Emigration to the United States meant a radical break with the individuals’ life back home. Family and friends were left behind, and for the majority, departure was irreversible. Stepping aboard one of the big immigrant ships meant that most of them would never set foot on native soil again. However this didn’t mean all connections were cut off. Despite the vast distance and the lack of our modern means of communication, people kept connected by writing letters and postcards. Eventually, successful immigrants were able to visit their homelands. Others could pay the travel expenses for family members who had initially stayed behind, but now followed in the footsteps of their ‘American’ relatives.
Letters and Postcards
In a time without our modern means of communication, the written message was the most important one. In the era of the sailing vessel, it could take months before a letter from inland America reached its European destination. This improved with the coming of the steamship, but even then, it could still take weeks before one could read about the other’s experiences. It wasn’t just traditional letters that were sent; the 19th century also saw the introduction of the postcard, a popular and affordable way to keep in contact with home.

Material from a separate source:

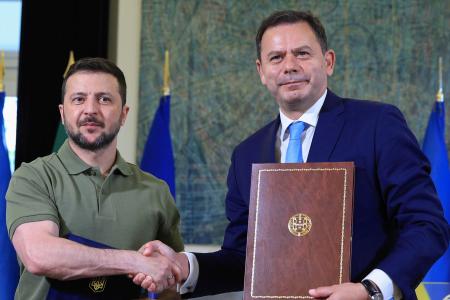 　２８日、ポルトガルの首都リスボンで２国間協定に署名し握手するモンテネグロ首相（右）とウクライナのゼレンスキー大統領（ＡＰ＝共同）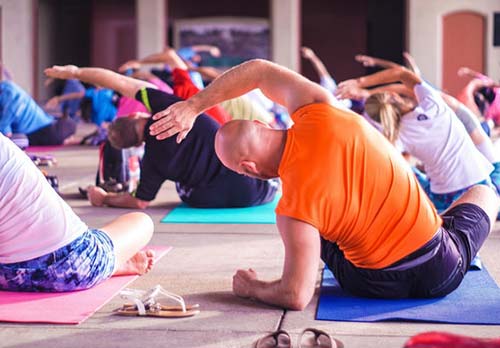 group of business people taking a yoga class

In Europe, a great number of local newspapers published letters from American emigrants. In that way, not only close family but also other villagers were able to hear about the new life in America. It should be said that the stories depicted in those letters did not always correspond with the actual situation of the majority of emigrants. It was mainly the success stories that reached Europe. Those who were less successful in their American life preferred to stay quiet or exaggerated their achievements, scared to be depicted as failed emigrants. Sometimes, collected letters were published as books or pamphlets, or emigrants wrote books and guides to share experiences and give advice on how to become successful in America.
Visiting the Homeland
For some emigrants, financial success made it possible to visit their homelands and family once more. In the first half of the 19th century, a return trip was unaffordable for most emigrants. With the innovations in the shipping industry, however, ticket prices dropped, and some lucky emigrants could afford a return ticket. When these ‘Americans’ arrived in their old hometowns, it sometimes created a wave of excitement. Others were not merely visiting but in search of a wife. For some emigrant communities, it was important to marry inside that same community, This, however, led to problems if the communities in America were short of women. Single men, therefore, visited their homelands in order to find a suitable wife and bring her home to the United States. Others in search of a spouse did not visit but arranged a marriage partner by letter.

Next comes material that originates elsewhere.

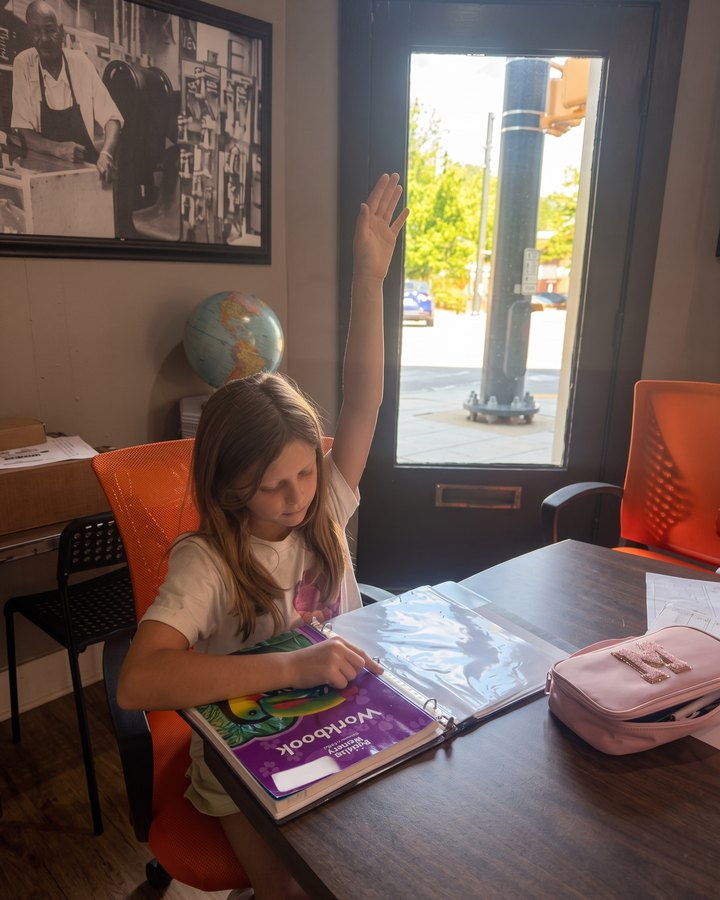 A student raising her hand at the table by the window at Hatch Coworking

There were also emigrants who returned to the European continent under less happy circumstances. When America joined the allied forces in 1917, many emigrants (or their sons) enlisted to fight in the trenches. They enlisted partly because they felt involved as a result of their origins, but also because serving in the U.S. Army was a way to show their loyalty towards their new homeland. This had happened before during the American Civil War and took place again in 1917 when, for example, thousands of Italian-Americans joined the war effort.
New Immigrants, Returning Emigrants
All these visits, letters, books and pamphlets familiarised people with America and resulted in new waves of emigration. Friends and family in the homelands, full of enthusiasm after hearing those stories, now also wished to start a new life in the United States. In some cases, this led to a real ‘America fever’, with emigration of complete families or even whole populations of small villages. Compatriots already living in America helped new immigrants by sending them pre-paid tickets for their Atlantic journey, and once they had arrived, finding them housing and employment. In contrast to these new emigration waves, there were also the emigrants who permanently returned to their homelands. Those were the people whose ‘American dream’ never became reality, or people who got homesick missing the land and culture in which they grew up. Their numbers vary greatly according to country and time period. It is estimated that of all Dutch immigrants during the period 1880-1920, around 15% returned. For Italians, at some period this rate was even higher, with estimations ranging up to almost 30%. For lots of others though, it wasn’t even possible to return. They either couldn’t afford the return trip or the situation in their homelands made this impossible because of raging wars and on-going persecution.